Every line from the one holding "Imagem de Boneca" through the one holding "Autocollant Singe Gorille Base Ball" in the data below must be returned exactly, both ends included, with pictures left out and nothing else added.

## [EXTRACTED INFORMATION]
☆ ☆ ☆ ☆ ☆

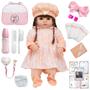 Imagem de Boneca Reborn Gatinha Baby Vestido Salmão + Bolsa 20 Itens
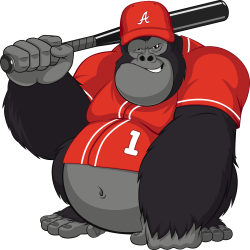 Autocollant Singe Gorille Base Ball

☆ ☆ ☆ ☆ ☆

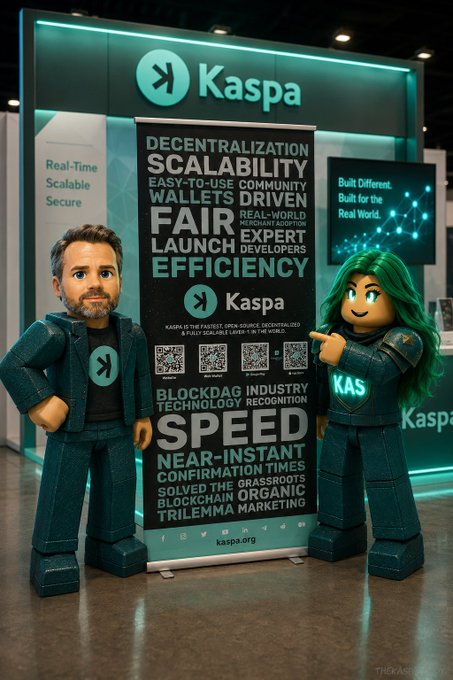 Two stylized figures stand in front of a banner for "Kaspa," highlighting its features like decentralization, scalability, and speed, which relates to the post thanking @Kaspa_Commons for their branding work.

☆ ☆ ☆ ☆ ☆

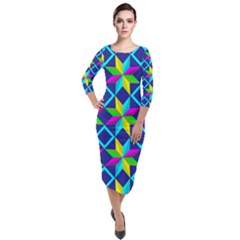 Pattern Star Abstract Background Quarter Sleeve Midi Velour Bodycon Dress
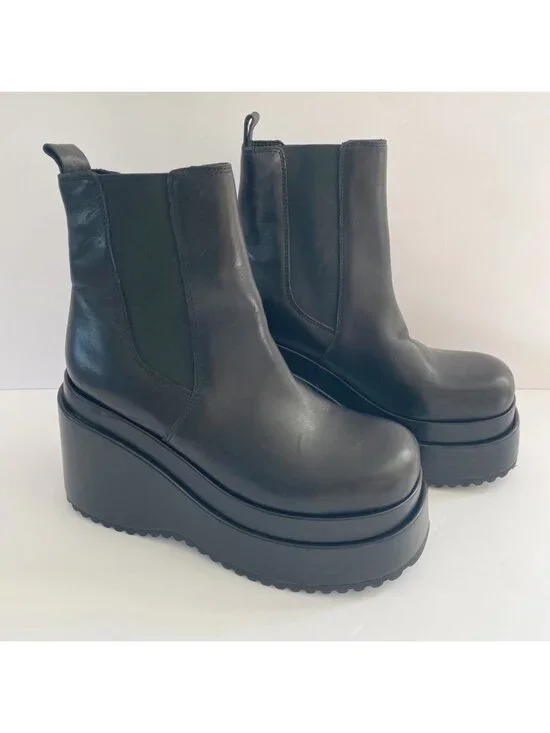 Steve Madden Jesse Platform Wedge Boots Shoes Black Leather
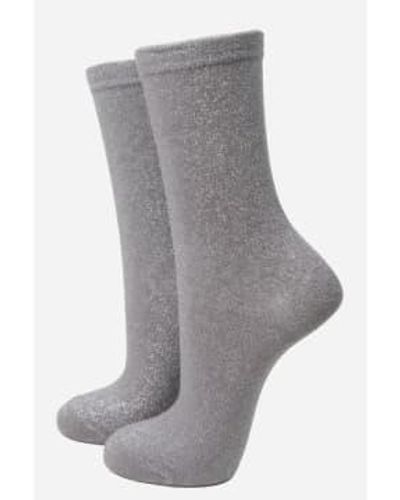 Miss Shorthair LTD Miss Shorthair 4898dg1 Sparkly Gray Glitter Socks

☆ ☆ ☆ ☆ ☆

## [SOLUTION TO THE EXERCISE]
 Imagem de Boneca Reborn Gatinha Baby Vestido Salmão + Bolsa 20 Itens
 Autocollant Singe Gorille Base Ball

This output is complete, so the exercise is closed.